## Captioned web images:
[Start of Attachment]
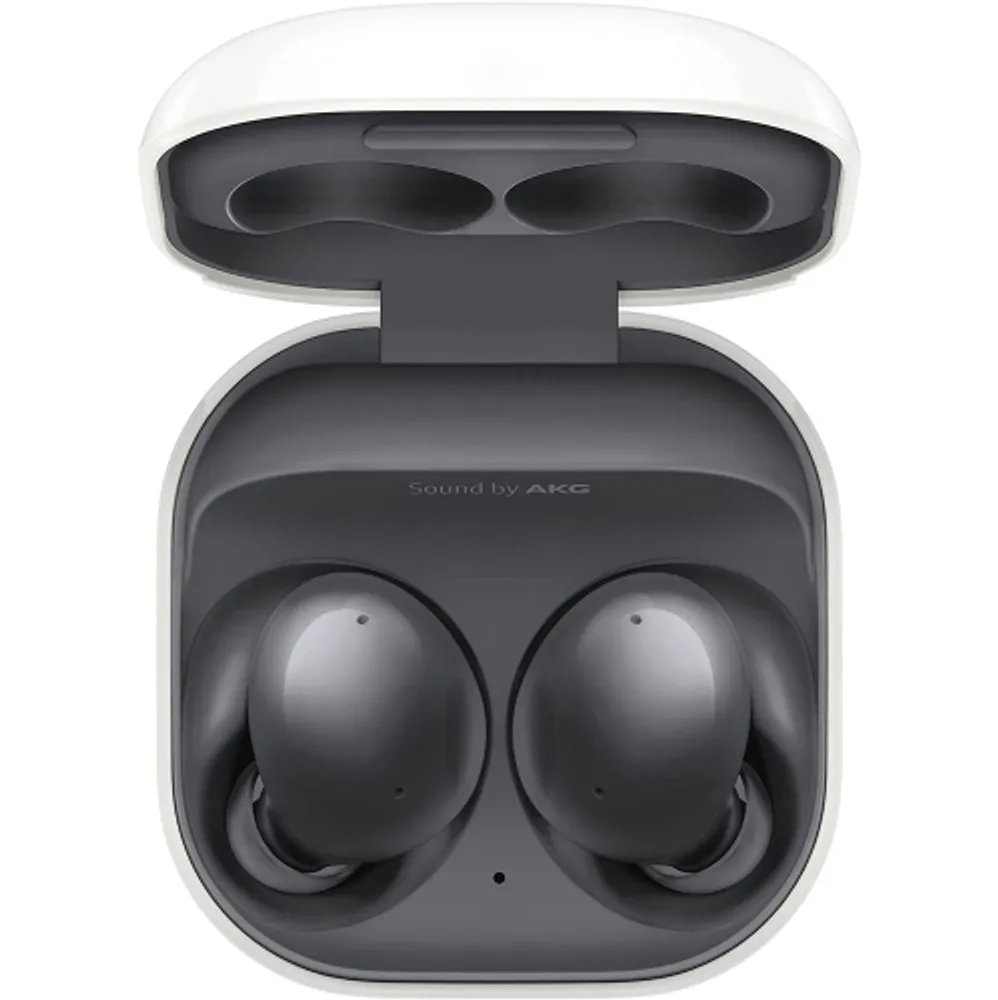 Samsung Galaxy Buds2 R177 (Onyx) - Brand New | Scarborough Town Centre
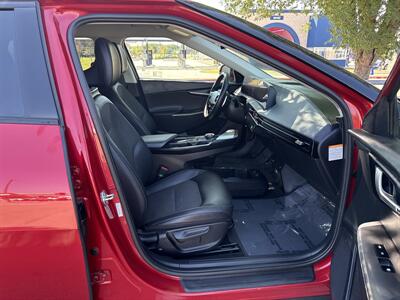 2024 Kia EV6 Light   - Photo 19 - Dallas, TX 75252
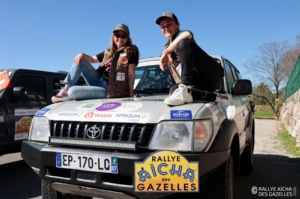 Équipage #204 - Image 2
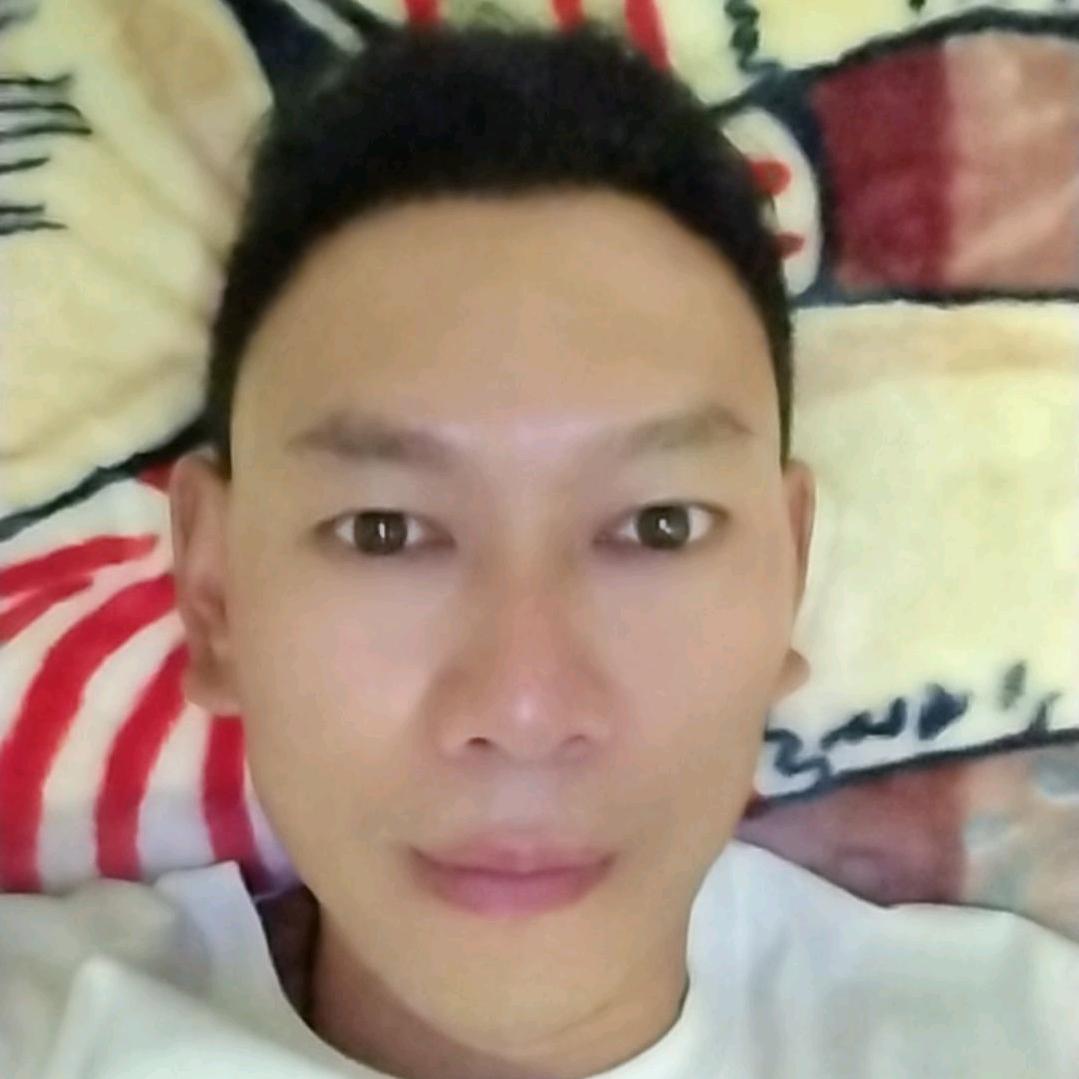 有缘再见(智能调肤)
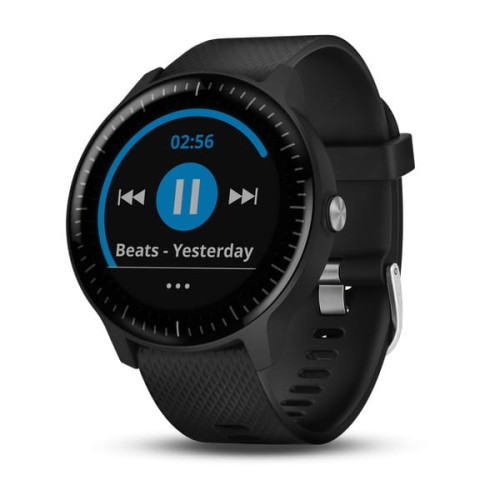 garmin-vivoactive3-music-5.jpg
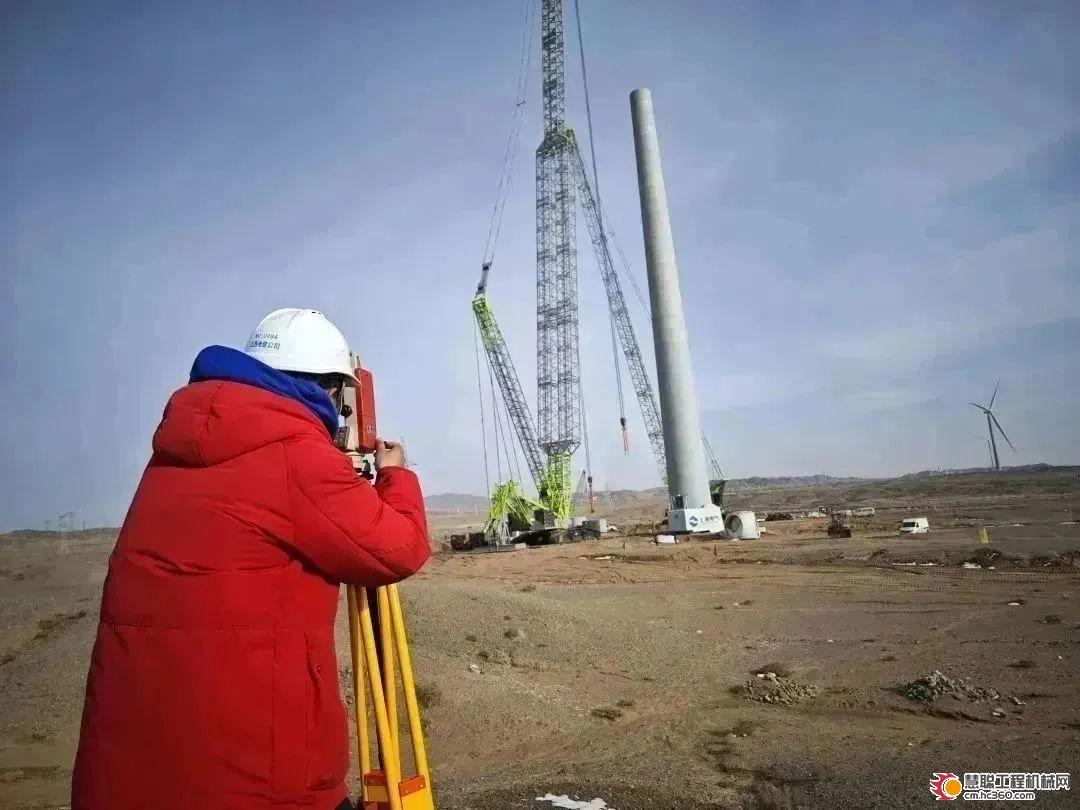 微信图片_20230309090929.jpg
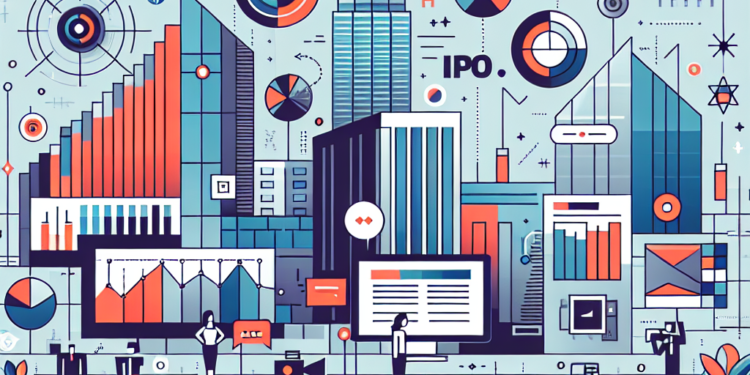 Rentomojo Prepares for IPO with DRHP Filing Rentomojo Prepares for IPO with DRHP Filing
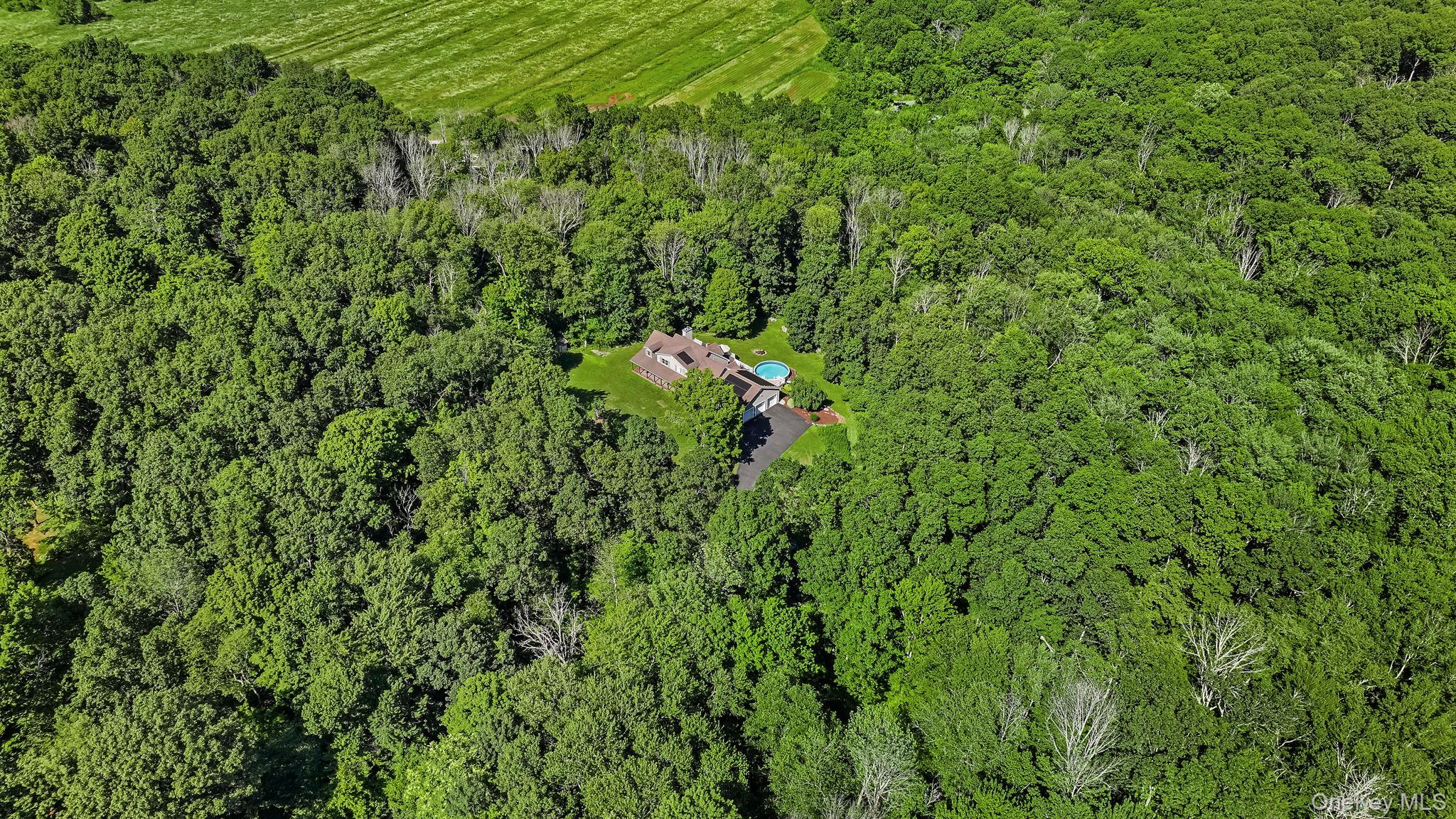 1 Rackett Road, Port Jervis, NY 12771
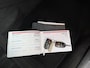 Volvo XC90 2.5 T 5 persoons/Schuif/kantel dak/ trekhaak/ Leer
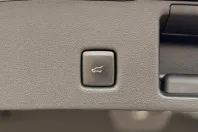 Ford Kuga din 2022 cu 105.000 km - oferta FOR158663 - foto 14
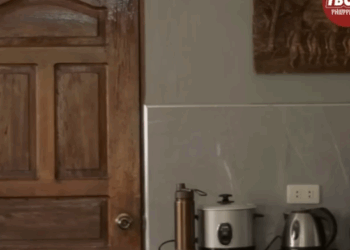 H1210006 Bunso, pilit inilalayo ang ate sa kanilang magulang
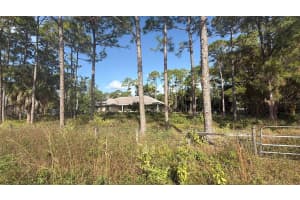 14817 97th Road, West Palm Beach, FL 33412 - MLS#F10541455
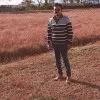 RAJ KUMAR RAM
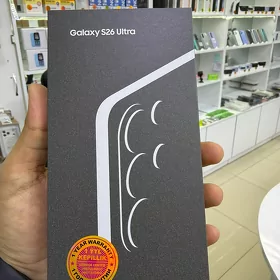 KREDIT TELEFONLAR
[End of Attachment]
## WHAT TO WORK ON:
The required output is an exact copy of the lines from the one with "Volvo XC90 2.5" through the final line of the data above, with pictures removed.

## FINISHED TASK:
 Volvo XC90 2.5 T 5 persoons/Schuif/kantel dak/ trekhaak/ Leer
 Ford Kuga din 2022 cu 105.000 km - oferta FOR158663 - foto 14
 H1210006 Bunso, pilit inilalayo ang ate sa kanilang magulang
 14817 97th Road, West Palm Beach, FL 33412 - MLS#F10541455
 RAJ KUMAR RAM
 KREDIT TELEFONLAR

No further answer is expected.